Jealousy, 1895 by Edvard Munch
This painting brings together the Adam and Eve theme with the portrayal of Stainislaw Przybyszewski - Munch's Polish poet fried, with his prominent bearded features.
Przybyszewski's likeness in Jealousy has often been lined to Munch's presumably amorous relationship with the poet's wife, Dagny Juell, whom he painted in 1893 - the year of her marriage. the charged triangular situation, which in various degrees of recognizability reveals the features of the same protagonists, is also reflected in an oil of 1913 at the Munch-museet and in other related versions, among them Passion. Thus passion, jealousy, the biblical allegory of temptation, and an autobiographical incident converge in Munch's work, recurring in paintings and prints at different times.
The small Bergen oil is firmly structured and the definition of the picture planes is exceptionally clear. Przybyszewski occupies the extreme foreground, tree and door share the middle plane, and the quasi-biblical occurrence recedes into the distant picture space.

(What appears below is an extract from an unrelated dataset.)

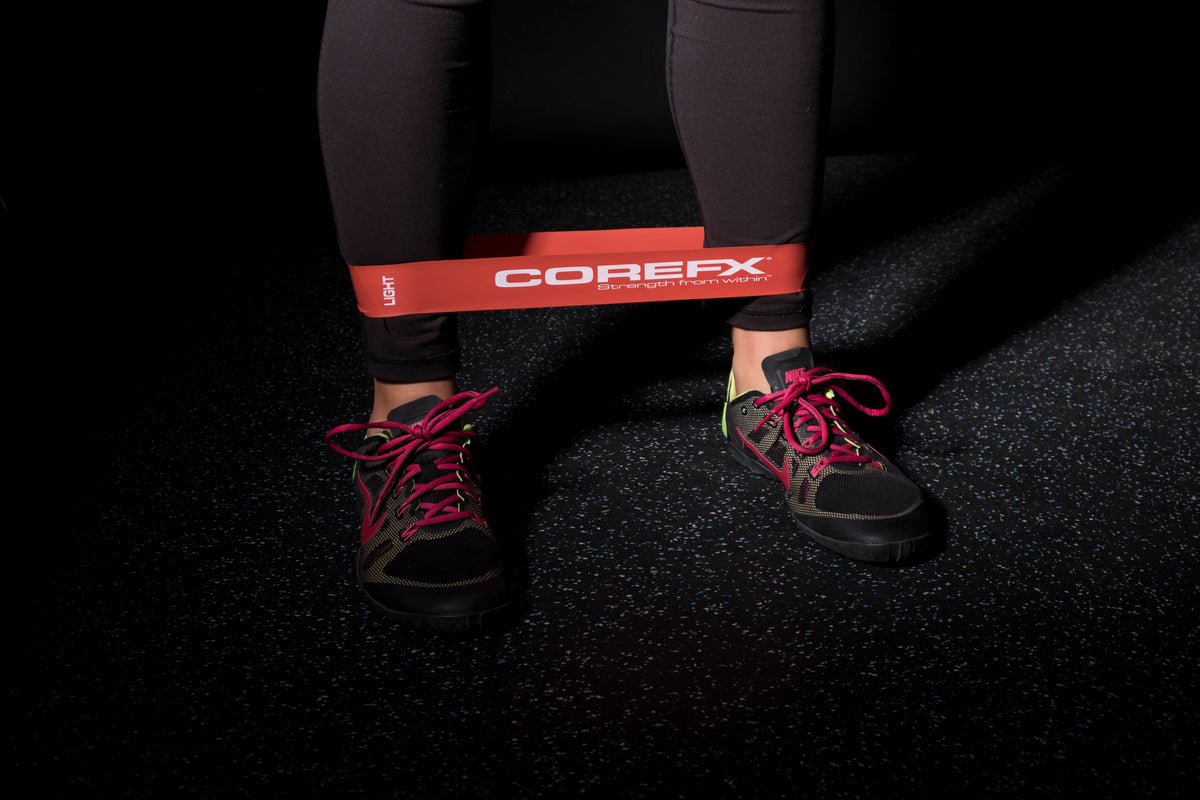 Person using a COREFX resistance band on a dark floor COREFX Pro Loop Resistance Band Set 4-Pack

Munch here preserves the anonymity of the situation by lending recognizable features to Przybyszewski only. Eve, partly covered by a scarlet garments, exposes a naked front - much in the way of the central figure in the various versions of Woman in three Stages. She is pictured as she picks the fateful apple - an act translatable to the jealous mind of the brooding foreground figures as apprehension in flagrante delicto. Przybyszewski's colorless features are in effective contrast with the sensuous redness of Eve's face and flowing garment - a redness that in turn is echoed by the sinful apple and the potted plant posted before the door of Eden. Adam appears in modern dress. The deviation from biblical nudity serves, of course, to restate the old theme in a contemporary context. Whether intended or not, the clad and veiled bodies of the original sinners also suggest that their innocence had been impaired even before the modern reenactment of the fateful deed. A sinuous pattern envelops the work within a formal unity that comprises thinker and thought, dream and reality, lining Jealousy to the style of the 1890 known by such names as Art Nouveau and Jugendstil.